ONE HEALTH - Action Track 4

Strengthening the assessment, management and communication of food safety risks

ONE HEALTH: A Comprehensive Approach for Addressing Health Threats at the Human-Animal-Environment Interface

One Health

Action track 4 “Strengthening the assessment, management and communication of food safety risks” focuses on the prevention and control of foodborne illnesses. The safety of food is inextricably linked to where it is grown (environment), how it is grown (human-animal-environment interaction) and, how it is consumed (human interaction). Humans need safe food and water to maintain their vital functions. Food safety cannot be conceived without a One Health approach and countries need to develop an integrated approach to prevent any risks emerging along the food value chain “from farm to fork”. Promoting intersectoral coordination at the regional, national, and local levels is essential for the implementation of effective and sustainable strategies to promote food safety, considering the health of humans, animals, and the environment throughout the entire food chain, from production to consumption.

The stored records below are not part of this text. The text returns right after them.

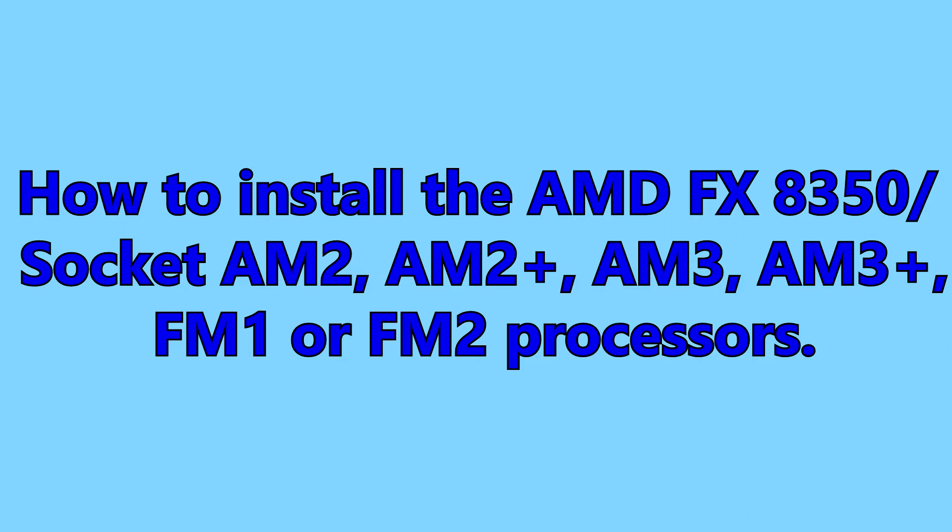First off, this tutorial can be used for any processor with the socket AM2, AM2+, AM3, AM3+, FM1 and FM2.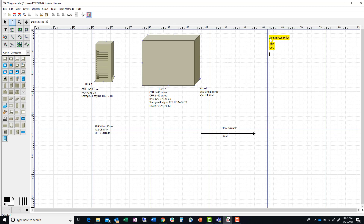We're also going to have some type of file shares, print shares, probably web servers, utility servers — that's super important — some SQL servers, some test servers, and some production servers.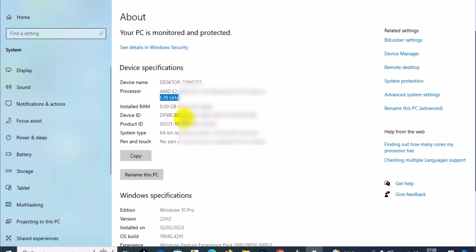You'll see the device ID, product ID, and system type. This is general information about your Windows PC.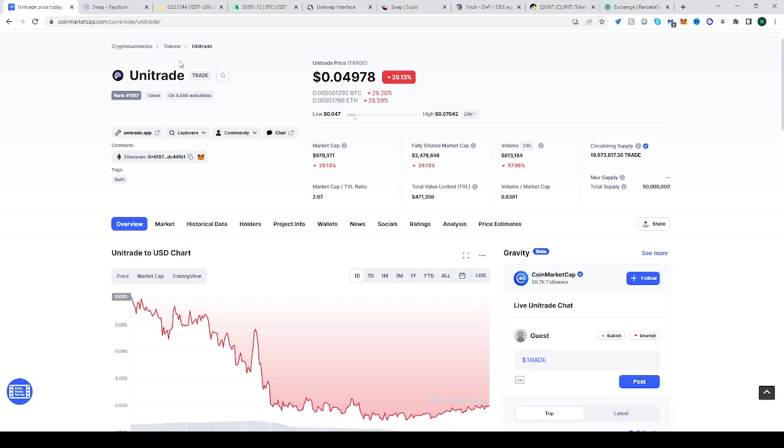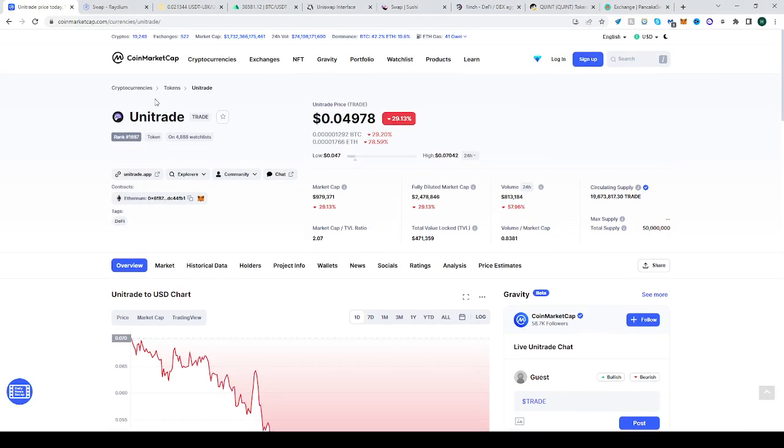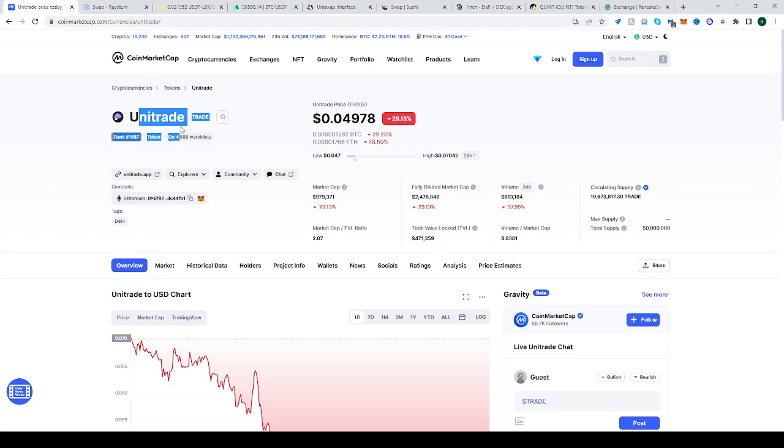In this video, I'll be showing you how to buy the Unitrade coin, the TRADE token. It's all about trading, so go to CoinMarketCap, find Unitrade, and copy the contract address.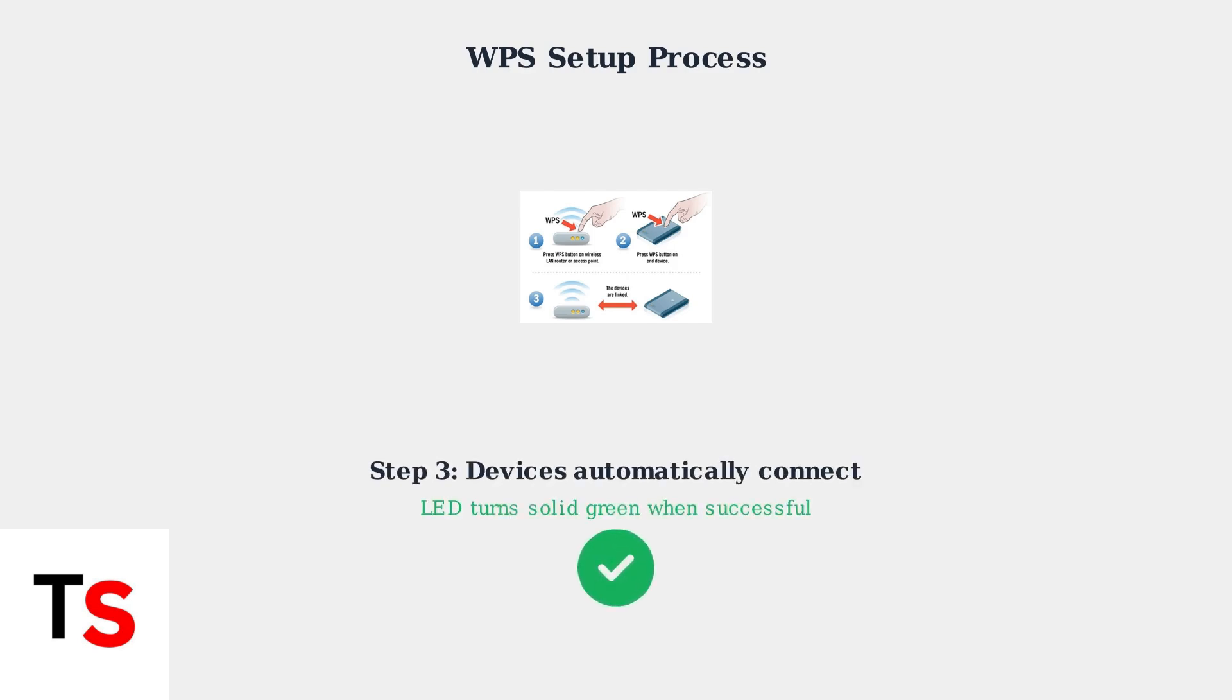Finally, the devices will automatically link and establish a secure connection. You can verify the connection through your device settings or the Cox Connect app.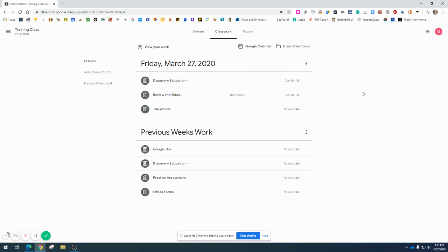Typically, Google Classrooms are set up by topics. Each topic represents either a day of the week or the whole week, depending on how every teacher sets up their Google Classroom a little bit differently.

Food Safety strategies need to be underlined by risk analysis principles to scientifically assess potential food safety risks, manage the identified risks effectively, and communicate those risks adequately to industry, consumers, and trade partners.

Best practices

  • Assess national food control systems to identify gaps, weaknesses, strengths and opportunities and develop roadmaps and programs to improve country´s food safety capacities under One Health approach.
  • Promote food safety decisions based on science through the development of training and mentorship programs on food safety risk analysis.
  • Provide scientific and technical assistance to strengthen National Codex Alimentarius Programs through multisectoral and coordinated approaches.
  • Foster the adoption and implementation of Codex Alimentarius standards and norms “from farm to fork” to prevent the chemical, microbiological and physical contamination of food.
  • Support countries to strength their integrated food borne diseases surveillance systems.
  • Promote the estimate of the burden of foodborne illness and attribution of illnesses to specific food hazards, to better target prevention and control measures under a One Health approach.
  • Improve competent authorities’ capabilities for food safety risk assessment to characterize microbial and chemical food hazards and assess dietary exposure.
  • Develop risk communication strategies applied to food safety to manage adverse food safety events associated with biological, chemical or physical hazards.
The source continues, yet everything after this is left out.